*** Block opens ***

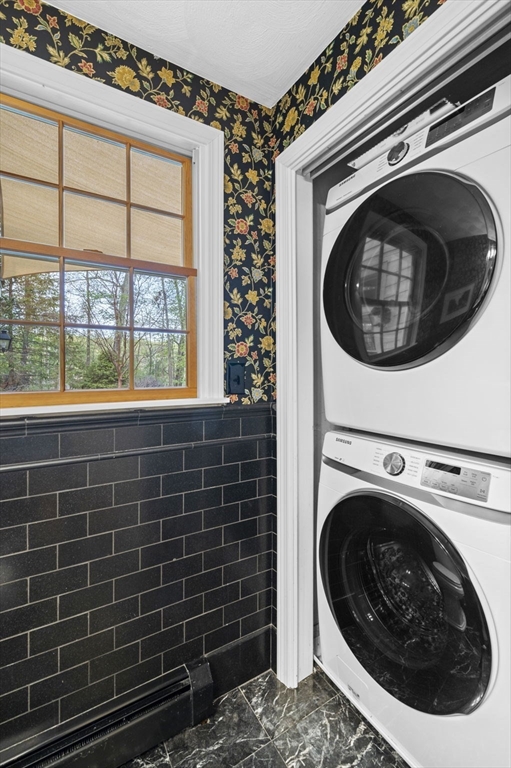 265 B Washington Street Boxford, MA 01921 - Photo 24 of 42 a view of a washer and dryer in a utility room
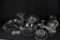 Lot of Eighteen Pieces of Imperial Candlewick Glass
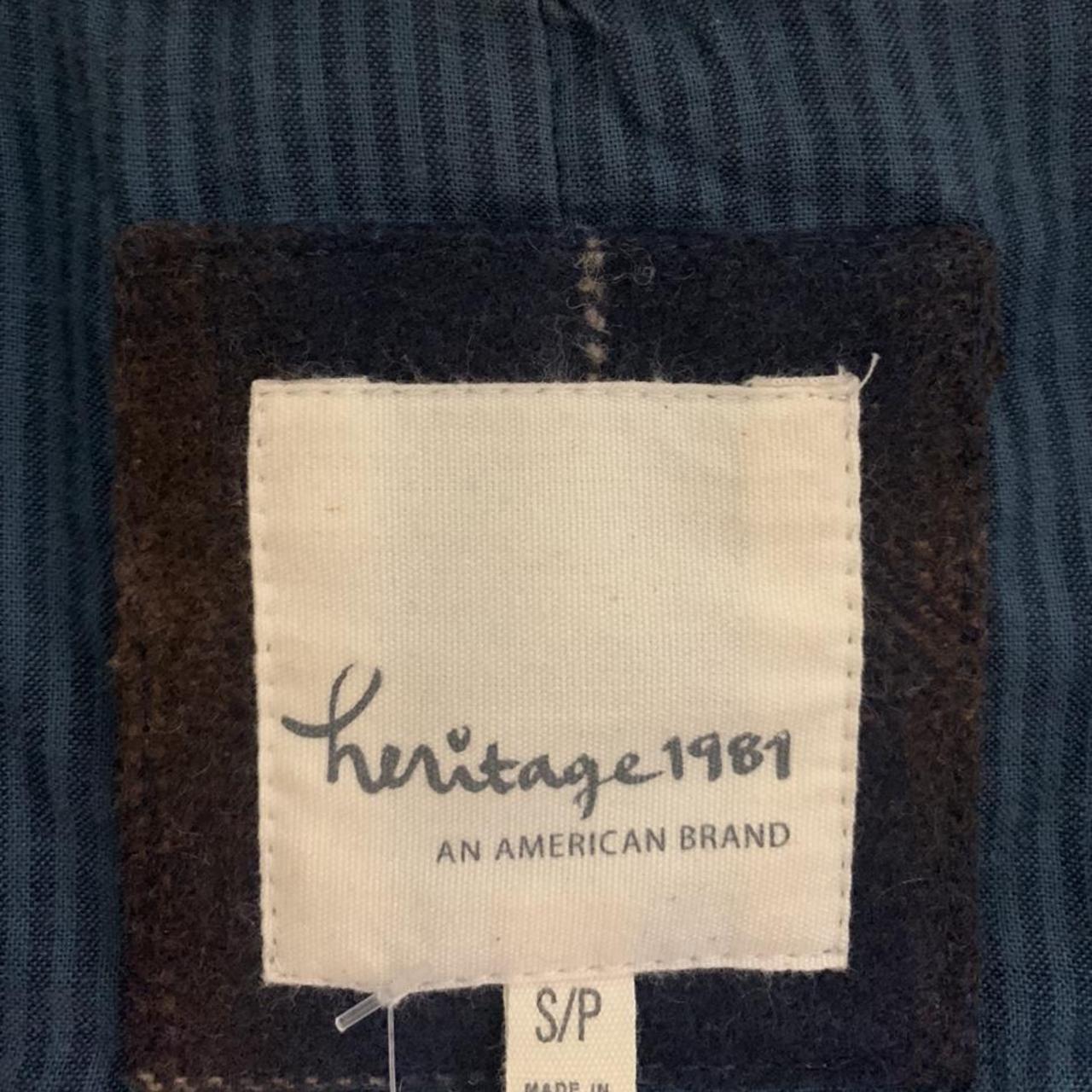 ヘリテージ1981 AN AMERICAN BRAND S/P-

*** Block closes ***

EXERCISE BRIEF — Would you retype each line above exactly and skip every image?

ANSWER —
 265 B Washington Street Boxford, MA 01921 - Photo 24 of 42 a view of a washer and dryer in a utility room
 Lot of Eighteen Pieces of Imperial Candlewick Glass
 ヘリテージ1981 AN AMERICAN BRAND S/P-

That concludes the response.